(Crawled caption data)

*****

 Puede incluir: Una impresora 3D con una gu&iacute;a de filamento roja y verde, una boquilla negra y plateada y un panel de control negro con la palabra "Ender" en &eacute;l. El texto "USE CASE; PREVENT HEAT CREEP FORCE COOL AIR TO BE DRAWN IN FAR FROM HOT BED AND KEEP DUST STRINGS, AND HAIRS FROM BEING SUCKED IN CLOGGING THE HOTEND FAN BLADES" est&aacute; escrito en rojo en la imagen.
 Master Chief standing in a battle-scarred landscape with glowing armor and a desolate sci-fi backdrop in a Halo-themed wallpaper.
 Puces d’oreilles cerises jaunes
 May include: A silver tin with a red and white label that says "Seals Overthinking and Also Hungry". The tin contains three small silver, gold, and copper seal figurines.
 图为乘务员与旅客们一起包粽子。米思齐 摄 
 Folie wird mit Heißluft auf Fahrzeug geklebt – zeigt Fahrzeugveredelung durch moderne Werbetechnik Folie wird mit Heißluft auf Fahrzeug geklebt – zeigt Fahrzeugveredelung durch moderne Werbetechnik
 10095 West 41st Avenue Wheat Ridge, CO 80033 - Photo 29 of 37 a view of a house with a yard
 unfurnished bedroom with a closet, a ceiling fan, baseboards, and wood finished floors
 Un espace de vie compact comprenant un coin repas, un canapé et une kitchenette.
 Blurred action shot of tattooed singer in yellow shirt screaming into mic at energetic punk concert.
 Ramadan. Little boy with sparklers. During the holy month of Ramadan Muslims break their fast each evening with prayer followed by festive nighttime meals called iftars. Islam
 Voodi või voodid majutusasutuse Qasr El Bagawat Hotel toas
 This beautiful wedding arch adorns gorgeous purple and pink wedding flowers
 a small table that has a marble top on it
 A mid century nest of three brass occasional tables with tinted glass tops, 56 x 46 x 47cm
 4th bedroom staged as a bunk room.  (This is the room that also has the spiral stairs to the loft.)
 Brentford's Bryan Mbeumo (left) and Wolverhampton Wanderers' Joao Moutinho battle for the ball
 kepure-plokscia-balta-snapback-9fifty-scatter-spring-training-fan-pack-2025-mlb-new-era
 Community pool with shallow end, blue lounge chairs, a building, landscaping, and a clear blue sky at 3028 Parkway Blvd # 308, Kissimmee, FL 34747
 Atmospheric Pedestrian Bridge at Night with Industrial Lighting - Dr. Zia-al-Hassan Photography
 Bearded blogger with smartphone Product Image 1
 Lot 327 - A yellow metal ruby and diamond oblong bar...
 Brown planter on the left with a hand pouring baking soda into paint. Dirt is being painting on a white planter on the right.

*****

• TASK
Which lines in the records above contain the string "bedroom"? Copy each one.

• FINISHED EXERCISE
 unfurnished bedroom with a closet, a ceiling fan, baseboards, and wood finished floors
 4th bedroom staged as a bunk room.  (This is the room that also has the spiral stairs to the loft.)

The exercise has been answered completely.